UK tax transparency amendment bid 'unenforceable'
Attempts to make the Isle of Man reveal who owns company assets on the island are "unenforceable", the chief minister has told Tynwald.
A proposed amendment to a UK bill on financial services would have obliged the Crown dependencies to create "public beneficial ownership registers" by 2020.
The House of Commons debate was dropped on Monday ahead of a likely defeat.
Chief Minister Howard Quayle gave his reaction in the House of Keys.
He said the Manx government would "strongly resist any attempt to undermine" the island's "longstanding democracy".
He complained that the UK had neither consulted nor obtained the consent of the Manx government.
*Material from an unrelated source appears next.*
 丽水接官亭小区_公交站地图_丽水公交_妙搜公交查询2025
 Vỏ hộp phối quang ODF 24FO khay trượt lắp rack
As such, Westminster's plans "were unconstitutional, unworkable and, in the opinion of our government, unenforceable", Mr Quayle said.
The Isle of Man introduced a private beneficial ownership register for companies in 2017, and information from the Manx register can be accessed by those investigating suspected money laundering and tax evasion within 24 hours, or one hour if urgently requested in relation to a terrorist concern.
People in the UK can access information about who owns company assets, but only law enforcement and tax authorities can access the same information in the Isle of Man.
Manx lawyer Paul Beckett said the amendment was a "bolt on" to a bill which had "nothing to do" with the Crown dependencies.
"Constitutionally, the United Kingdom parliament cannot legislate for the island without our consent," Mr Beckett said.
The UK has a public register of who controls and benefits from companies in the country.
Overseas territories will be obliged to make the same information publically available by 2020.
The amendment had the support of more than 40 MPs, including Labour's Margaret Hodge who, along with Tory MP Andrew Mitchell, has campaigned for transparency for some time.
Writing on social media after the Financial Services Bill was pulled from Monday's sitting of the House of Commons, Margaret Hodge described the move as "outrageous" and said MPs would "continue to campaign for public registers".
The bill is now likely to be debated by the House of Commons by the end of the month.
Mr Quayle said the deferral would allow the Manx government to "undertake real and meaningful engagement" with its UK counterpart over the issue.